Inside Slant

The Sports Xchange

September 24, 2018 at 8:32 pm.

ASU’s Edwards looking to run first

Arizona State had only 104 yards passing in its 27-20 loss at No. 10 Washington last week, but coach Herm Edwards is not fretting over that because of the Sun Devils’ run production.

Edwards said Monday during his weekly press conference that he would rather have a run-first offense than a pass-happy one. He believes a ball-control offense, hopefully getting chunks of yards on the ground, will help ASU’s defense stay off the field.

“You have to play complementary football,” Edwards said. “Right now we have a young defense. What do you do to help them? You take time off the clock.

“If you can run the ball consistently, to me those are tough football teams. Now you become multi-dimensional. We can dictate the terms of how we want the game played. That’s what we’re going to become. We have to continue to develop things going down the road, and running the ball is going to be part of it.”

ASU heads into this week’s game against Oregon State at Sun Devil Stadium with Edwards feeling confident a ground game can be a team strength.

The Sun Devils had 164 yards rushing against the Huskies on 40 carries, which was 60 percent of their plays (quarterback Manny Wilkins attempted 27 passes).

Edwards is preparing for the future and not coaching to only please Wilkins, a senior, by allowing him to pad his passing stats this season.

“We’ve got an eight-game season. We’ve got to continue to do that (run more) because whoever plays quarterback here next year, guess what? He’s going to play in that system,” Edwards said.

Heading into the Washington game, 73 percent of ASU’s total offense was via the pass (958 of 1,304 yards). The Sun Devils averaged a scant 1.5 yards a carry against Michigan State and San Diego State. They managed to rally to beat the Spartans 16-13 but lost 28-21 to the Aztecs.

After the loss to San Diego State, Edwards met with his offensive staff to make sure they design more running plays.

“You have to do things sometimes as a head coach,” he said. “I make people uncomfortable.
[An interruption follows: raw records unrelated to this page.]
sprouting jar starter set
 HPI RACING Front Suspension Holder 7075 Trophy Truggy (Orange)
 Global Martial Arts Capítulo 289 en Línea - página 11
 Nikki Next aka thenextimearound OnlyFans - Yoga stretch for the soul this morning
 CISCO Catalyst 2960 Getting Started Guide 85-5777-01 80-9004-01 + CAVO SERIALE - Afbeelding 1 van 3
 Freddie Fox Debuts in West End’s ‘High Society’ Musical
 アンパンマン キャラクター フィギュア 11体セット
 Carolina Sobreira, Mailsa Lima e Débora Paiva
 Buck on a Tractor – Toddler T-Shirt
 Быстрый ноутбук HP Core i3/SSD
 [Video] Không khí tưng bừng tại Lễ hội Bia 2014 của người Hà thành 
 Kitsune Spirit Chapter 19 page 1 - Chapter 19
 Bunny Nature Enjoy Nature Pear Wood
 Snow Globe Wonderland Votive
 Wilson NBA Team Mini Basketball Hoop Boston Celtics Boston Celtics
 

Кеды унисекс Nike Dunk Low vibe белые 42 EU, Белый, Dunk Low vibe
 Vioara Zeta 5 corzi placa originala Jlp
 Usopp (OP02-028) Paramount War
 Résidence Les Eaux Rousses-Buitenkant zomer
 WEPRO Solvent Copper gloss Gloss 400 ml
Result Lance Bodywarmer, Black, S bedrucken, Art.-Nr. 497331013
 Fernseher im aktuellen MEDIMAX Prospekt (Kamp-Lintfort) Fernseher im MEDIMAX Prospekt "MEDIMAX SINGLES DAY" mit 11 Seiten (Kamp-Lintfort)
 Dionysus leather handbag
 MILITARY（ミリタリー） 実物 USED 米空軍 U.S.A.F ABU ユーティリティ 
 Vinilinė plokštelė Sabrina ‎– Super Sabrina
I do it in a way where it’s never pointing a finger. I try to make good suggestions.”

What about future NFL wide receiver, N’Keal Harry, who had only 20 yards receiving on five catches against Washington?

“N’Keal is always in our plans every week,” Edwards said. “We do our best to try to get him the ball. We’re smart enough to move him around. Sometimes they’re doubling him and you can’t throw it to him. You’ve got to throw it to somebody else.”